■ **Data excerpt**
+++++
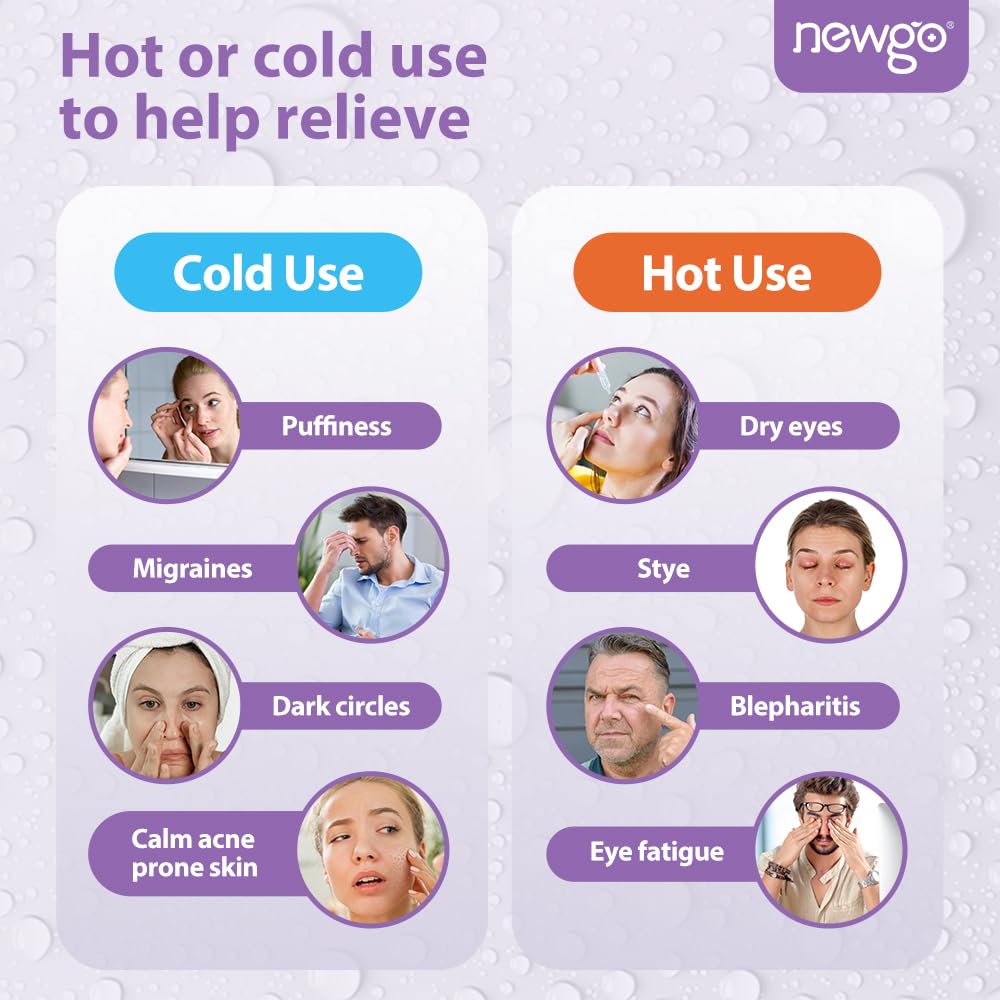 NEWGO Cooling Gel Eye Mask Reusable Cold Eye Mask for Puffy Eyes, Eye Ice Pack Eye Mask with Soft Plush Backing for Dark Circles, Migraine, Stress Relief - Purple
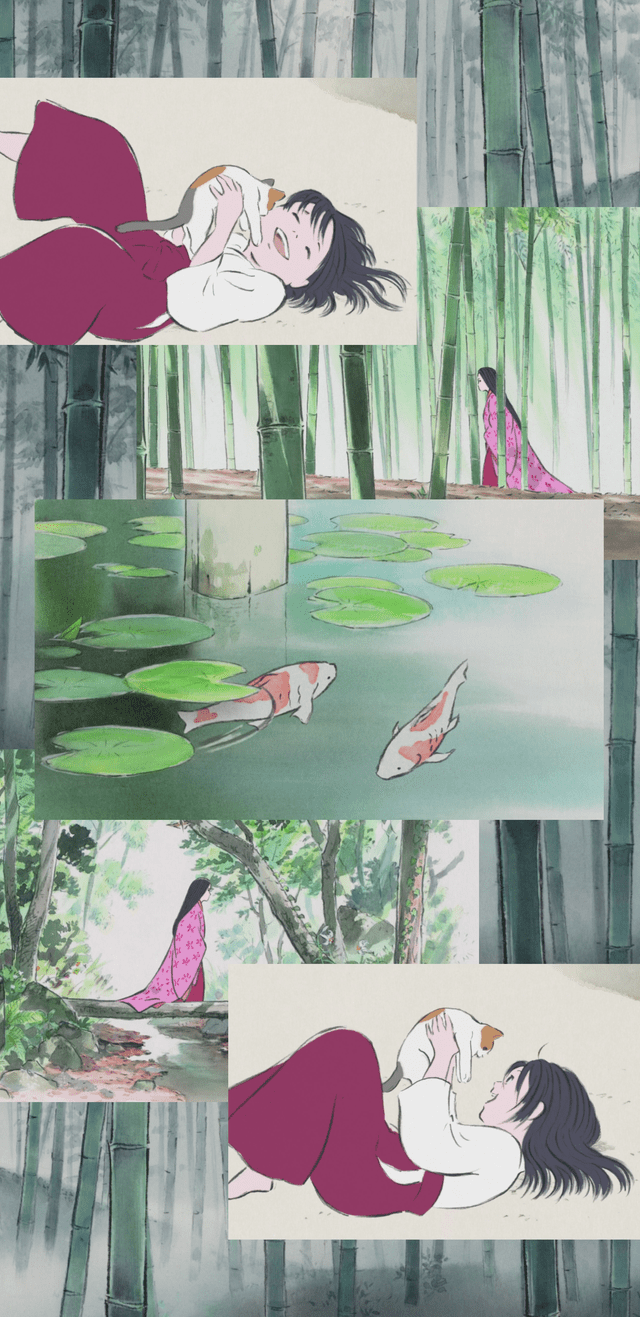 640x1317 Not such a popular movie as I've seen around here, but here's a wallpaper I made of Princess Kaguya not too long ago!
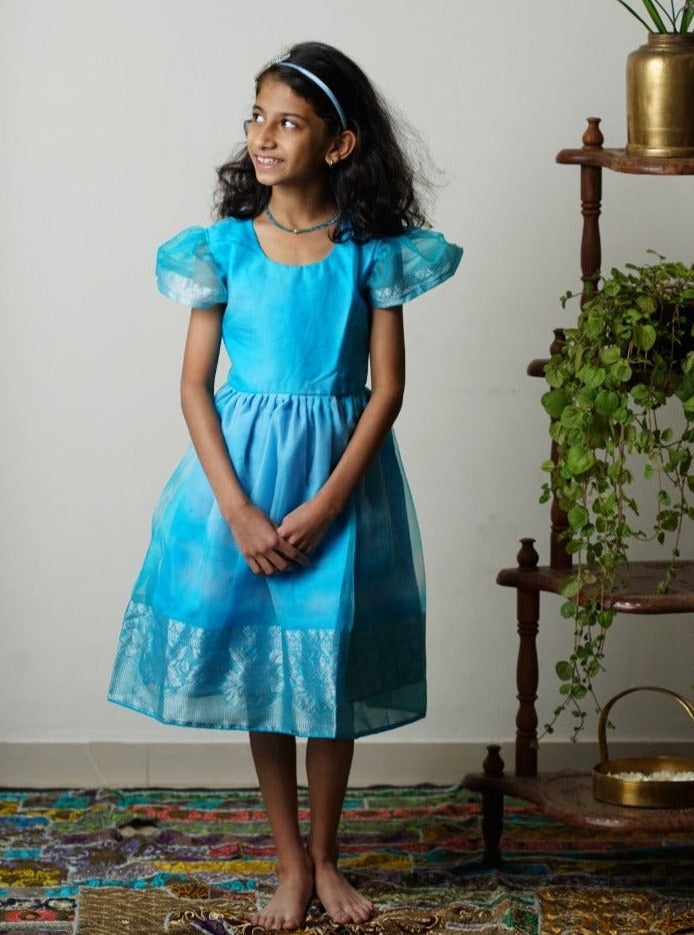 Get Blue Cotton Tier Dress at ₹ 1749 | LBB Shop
+++++
■ **Exercise objective**
Skip the images and write out the rest of the listing exactly.

■ **Answer to this problem**
 NEWGO Cooling Gel Eye Mask Reusable Cold Eye Mask for Puffy Eyes, Eye Ice Pack Eye Mask with Soft Plush Backing for Dark Circles, Migraine, Stress Relief - Purple
 640x1317 Not such a popular movie as I've seen around here, but here's a wallpaper I made of Princess Kaguya not too long ago!
 Get Blue Cotton Tier Dress at ₹ 1749 | LBB Shop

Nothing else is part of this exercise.